Bu nedenle bizler de KitapEki okurları için, merak edilen soruları muhataplarına, yani yayıncılık sektörünün önemli isimlerine ve kurumlarına ulaştırmaya karar verdik. Onlardan biri de çocuk yayıncılığının en köklü kurumlarından olan Günışığı Kitaplığı ve onun Genel Müdür Yardımcısı Banu Ünal oldu. Ünal ile ekonominin durumu, okurların ve yayıncıların bu durumdan nasıl etkileneceği üzerine oldukça aydınlatıcı bir sohbet gerçekleştirdik. İyi okumalar dileriz…

  • Öncelikle oldukça klişe bir soru ile başlayalım. Sizce nereye gidiyor ülke ekonomisi?

Keşke bu sorunuzu kısaca yanıtlama olanağı olsaydı! Şu anda yurtiçinde ve dışında tüm ekonomistler,   akademisyenler, iş çevreleri, finans çevreleri bu sorunun yanıtını tartışıyor. Çözülmesi gereken ciddi yapısal sorunlarımız olduğu kesin. Asıl olarak ekonomi yönetiminin bu yapısal sorunlara ne denli ivedilikle uygulanabilir çözümler üreteceği belirleyecek ülke ekonomisinin gidişatını ve krizin daha ne kadar derinleşeceğini.

“Sektörümüz açısından asıl dezavantaj henüz tam anlamıyla sektörleşmesini tamamlamadan böylesine ciddi bir krize yakalanmış olması.”

  • Gelmesi beklenen ekonomik krizin en fazla etkileyeceği sektörlerden biri de yayıncılık. Peki, neden böyle? Yalnızca kâğıdın yurtdışından alınıyor olması yüzünden mi, yoksa başka nedenler de var mı?

Ben mevcut krizden tüm sektörlerin benzer biçimlerde etkilendiğini gözlemliyorum. Tabii ki her sektör kendine has avantajları ve dezavantajları ile bu krizle başa çıkmanın yollarını arayacak.

Yayıncılık sektörü olarak kâğıt ve baskı teknolojileri açısından dövize bağlı olmamız tabii ki önemli bir dezavantaj. Özellikle kâğıt konusunda sorun yalnızca TL’nin döviz karşısındaki değer kaybı değil. Dünya genelinde kâğıt arzında yaşanan daralma zaten fiyatlarda döviz bazında da sürekli bir artışa neden oluyor. Ocak ayından bu yana kitap kâğıdına döviz bazında tam dört kez zam geldi ve döviz bazındaki artış %15’i geçti. Bu artışın üzerine TL’nin döviz karşısındaki değer kaybı da eklenince maliyetlere etkisi çok daha büyük oldu tabii.
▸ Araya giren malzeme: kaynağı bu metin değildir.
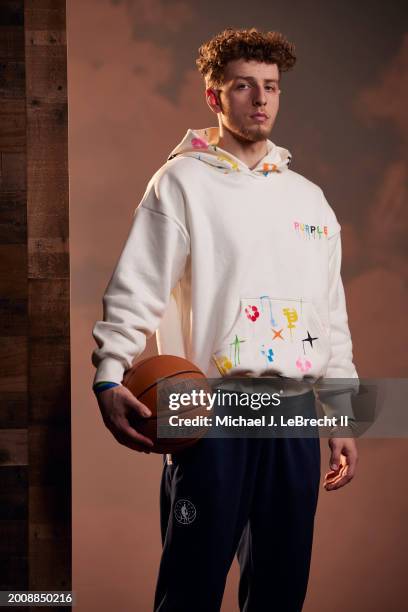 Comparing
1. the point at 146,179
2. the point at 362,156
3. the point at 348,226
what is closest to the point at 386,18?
the point at 362,156

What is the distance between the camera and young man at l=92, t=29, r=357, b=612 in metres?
1.99

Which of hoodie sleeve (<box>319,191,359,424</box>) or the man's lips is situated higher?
the man's lips

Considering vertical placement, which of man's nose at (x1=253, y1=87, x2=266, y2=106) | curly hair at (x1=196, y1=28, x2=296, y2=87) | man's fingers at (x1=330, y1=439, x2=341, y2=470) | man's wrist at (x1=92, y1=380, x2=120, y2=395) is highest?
curly hair at (x1=196, y1=28, x2=296, y2=87)

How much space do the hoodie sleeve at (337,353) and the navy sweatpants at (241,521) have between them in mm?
142

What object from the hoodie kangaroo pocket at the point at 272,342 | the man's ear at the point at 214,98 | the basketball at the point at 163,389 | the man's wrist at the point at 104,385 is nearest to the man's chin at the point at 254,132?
the man's ear at the point at 214,98

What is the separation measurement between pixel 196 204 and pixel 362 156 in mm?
1463

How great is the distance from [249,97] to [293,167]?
1187 mm

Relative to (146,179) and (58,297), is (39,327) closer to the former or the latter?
(58,297)

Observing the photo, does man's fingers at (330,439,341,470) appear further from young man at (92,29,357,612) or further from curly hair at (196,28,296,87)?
curly hair at (196,28,296,87)

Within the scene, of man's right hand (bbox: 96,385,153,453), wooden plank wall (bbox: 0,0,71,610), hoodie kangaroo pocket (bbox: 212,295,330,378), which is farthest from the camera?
wooden plank wall (bbox: 0,0,71,610)

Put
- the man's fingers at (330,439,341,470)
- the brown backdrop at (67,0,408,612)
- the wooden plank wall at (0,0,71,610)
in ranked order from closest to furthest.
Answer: the man's fingers at (330,439,341,470) → the wooden plank wall at (0,0,71,610) → the brown backdrop at (67,0,408,612)

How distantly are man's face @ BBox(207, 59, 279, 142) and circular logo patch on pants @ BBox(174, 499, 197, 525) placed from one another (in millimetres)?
908

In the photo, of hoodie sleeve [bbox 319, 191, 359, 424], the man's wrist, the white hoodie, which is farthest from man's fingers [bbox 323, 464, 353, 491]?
the man's wrist

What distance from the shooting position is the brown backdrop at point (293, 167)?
322 centimetres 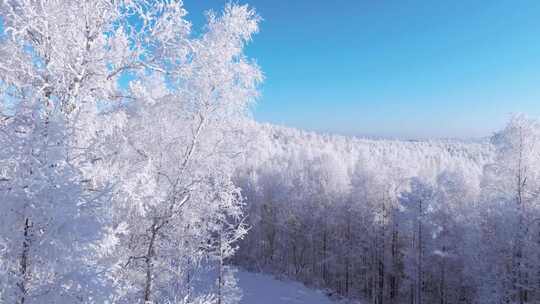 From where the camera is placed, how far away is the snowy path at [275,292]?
2231 cm

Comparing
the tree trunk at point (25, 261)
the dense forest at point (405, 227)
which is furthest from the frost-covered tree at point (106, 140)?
the dense forest at point (405, 227)

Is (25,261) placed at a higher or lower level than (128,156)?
lower

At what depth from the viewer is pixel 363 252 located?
3466cm

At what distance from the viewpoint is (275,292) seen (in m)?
24.1

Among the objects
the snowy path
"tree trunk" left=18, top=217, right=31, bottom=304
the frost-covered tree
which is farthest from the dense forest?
"tree trunk" left=18, top=217, right=31, bottom=304

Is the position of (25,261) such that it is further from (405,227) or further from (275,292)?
(405,227)

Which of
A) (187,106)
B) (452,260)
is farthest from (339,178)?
(187,106)

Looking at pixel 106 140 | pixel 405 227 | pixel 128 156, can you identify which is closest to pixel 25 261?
pixel 106 140

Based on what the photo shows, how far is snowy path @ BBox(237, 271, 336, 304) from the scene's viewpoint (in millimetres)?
22312

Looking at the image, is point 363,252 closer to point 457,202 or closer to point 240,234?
point 457,202

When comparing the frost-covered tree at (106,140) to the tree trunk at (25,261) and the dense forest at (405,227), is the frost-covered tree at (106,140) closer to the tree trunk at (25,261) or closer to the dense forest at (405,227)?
the tree trunk at (25,261)

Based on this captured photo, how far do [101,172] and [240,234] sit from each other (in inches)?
209

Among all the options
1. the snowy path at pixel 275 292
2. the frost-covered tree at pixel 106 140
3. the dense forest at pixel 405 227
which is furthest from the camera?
the snowy path at pixel 275 292

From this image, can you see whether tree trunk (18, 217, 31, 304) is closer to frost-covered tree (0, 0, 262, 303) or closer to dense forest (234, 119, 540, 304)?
frost-covered tree (0, 0, 262, 303)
Dövize bağlı bir diğer maliyet unsuru da çeviri eserler için ödenen telif. Bu konuda yabancı yayıncılar ve ajansların göstereceği anlayış ve yaklaşım önemli. Telif hak edişleri hesaplanırken kitabın basıldığı/satıldığı tarihteki kur değil de ödeme tarihindeki güncel kur kullanılırsa ve yeni sözleşmelerde istenen avans tutarları makul düzeye çekilirse, bu kriz döneminde yayıncı için çok kolaylayıcı olacaktır.

Ama sektörümüz açısından asıl dezavantaj henüz tam anlamıyla sektörleşmesini tamamlamadan böylesine ciddi bir krize (daha) yakalanmış olması. Üretimin ötesinde, satış, dağıtım, tahsilat konularında henüz gerekli hukuki, teknolojik ve fiziki takip altyapısını kuramamış; standartlarını oluşturamamış bir sektör olmanın sancılarını çok derinden hissedeceğiz bu dönemde. Umarım bu sancılar, sektörel standart ve altyapı eksiklerimizin en ivedi ve doğru biçimde oluşturulması için gerekli zemini hazırlar ve kriz sonrası çok daha sağlıklı işleyen bir sektörün oyuncuları olarak devam ederiz yolumuza.

“Fiyatı ne kadar artarsa artsın kitap her zaman görece en ucuz eğlenme, dinlenme, öğrenme, keşfetme ve hayal kurma aracı.”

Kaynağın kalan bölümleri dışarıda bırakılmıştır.